Franco Indovina - An Author, more than a Director
by Gregorio Napoli
Whilst one's soul bleeds, damaged by the memory of all those friends
one has lost, even the funeral oration rite enhances the uselessness
of all human gestures. Franco Indovina, one of the many victims
of the Punta Raisi air crash, was without doubt one of the most
interesting and 'personal' voices of our film industry. He left
Palermo, many years ago, full of enthusiasm, carrying an exemplary
cultural baggage and full of passion for 'his' art; a passion that
had evolved during his time at the Michelangelo Antonioni school.
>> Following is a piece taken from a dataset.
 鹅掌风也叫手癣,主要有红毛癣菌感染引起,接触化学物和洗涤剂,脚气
This is no time to be giving any judgement on the outcome of such
directing ability, which detached itself from the routine of our
'young' production with dignity, style and compassion towards its
characters, with a touch of intellectualism that at the right moment
knew how to bring a touch of intelligent 'gloss' to a certain contemporary
style. Alongside the great director from Ferrara, he left his imprint
in works such as L'Avventura and L'eclisse, during the early sixties.
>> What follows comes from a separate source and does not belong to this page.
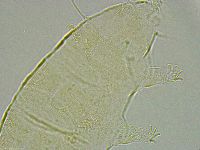 Pseudechiniscus ramazzottii image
Antonioni himself convalidated his debut, agreeing to sign the 'preface'
of a film done in three episodes: 'I tre volti' (1964), interpreted
by the ex-princess Soraya, to whom Indovina was sentimentally attached.
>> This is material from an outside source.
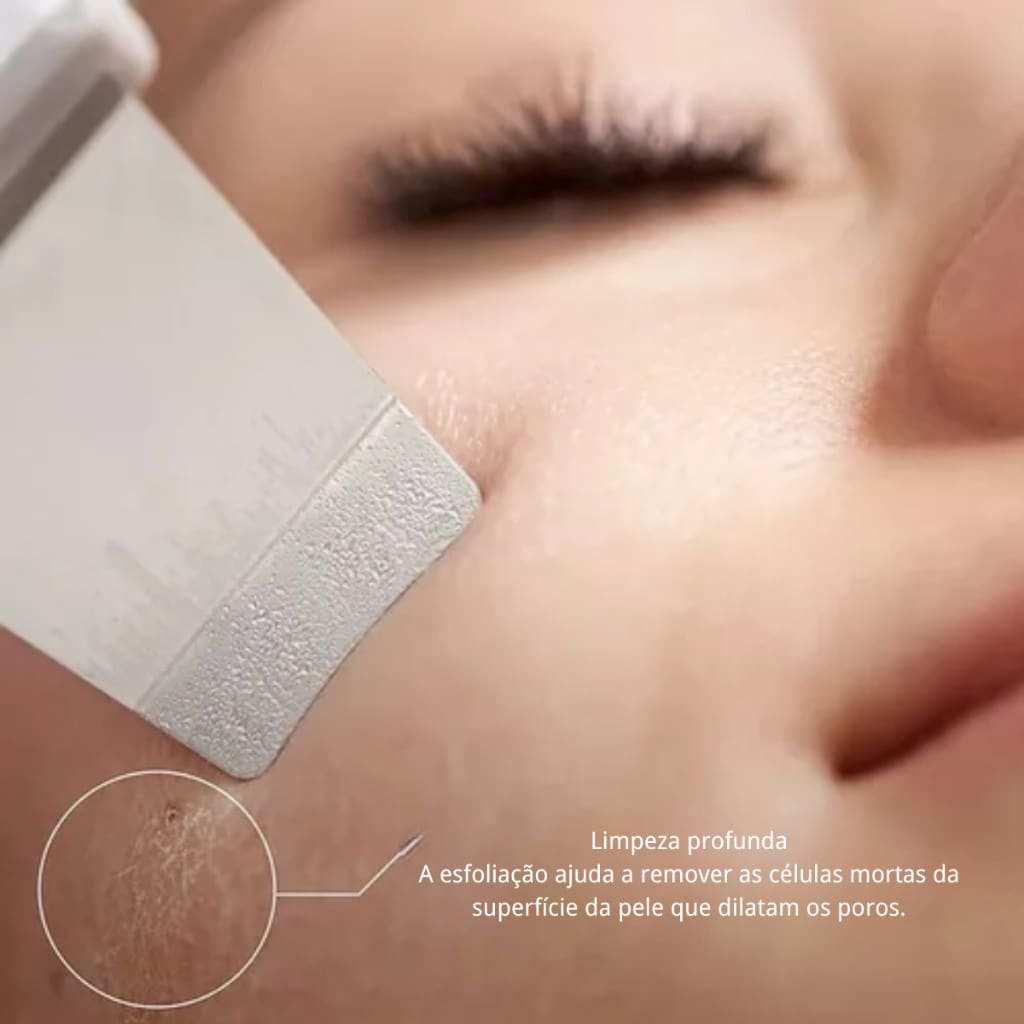 🌟 Peeling Ultrassônico Facial — Limpeza Profunda, Remoção de Cravos e Pele Renovada em Casa! 💆‍♀️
The episode 'Latin Lover', a subject of extensive debate amongst
critics, was directed by Indovina and interpreted by Soraya and
Sordi: a story about an American multimillionaires who, whilst holidaying
in Rome, accepts the courtship of an Italian 'tough guy', regularly
patented with a proper international agency. A weak story, but 'guided'
with good taste and above all the careful style which identified
Indovina. His second film, Menage all'Italiana was not a happy event.
The young author though proved to be genuinely interested in 'live'
society news, in those days full of events regarding a 'collector'
of wives, and although very commercial, the venture served its purpose
y asserting an uncommon ability in directing a demanding and guarded
actor like Ugo Tognazzi. In the meantime, a personal spirituality
was evolving with this director dedicated to pure entertainment.
Sissignore (1968) was an obvious and positive indication of this
change: directed by Ugo Tognazzi, the film revealed a noticeable
quality of observation, with special care given to the consistent
vices related to our culture. Indovina will reach a stylistic maturity
with his next film 'Giochi Particolari' (1970), in which he portrays
the spiritual crisis of a certain type of 'bourgeosie', impersonated
by an aristocratic 'peeping Tom' who through the use of a camera
descends into the abyss of skepticism and cynical amorality. 'Tre
nel mille' (1971), brings this evolution to a feeling of completion
by presenting a group of characters, humiliated by success, thrown
into the crude reality of medieval customs in which symbolically,
all the evil, shameful and disabuse suffered, and to be suffered
by humble people is epitomized. From a commercial point of view
it was not an extremely successful film, but from it transpired
a person of considerable personality, who could have without doubt
offered us stimulating psychological films. Who knows how many projects
Franco had in mind; how many plans projected towards constant improvement,
for the sake of 'his' art to which he had dedicated his entire being.
Sadly his dreams were shattered against a rocky mountain.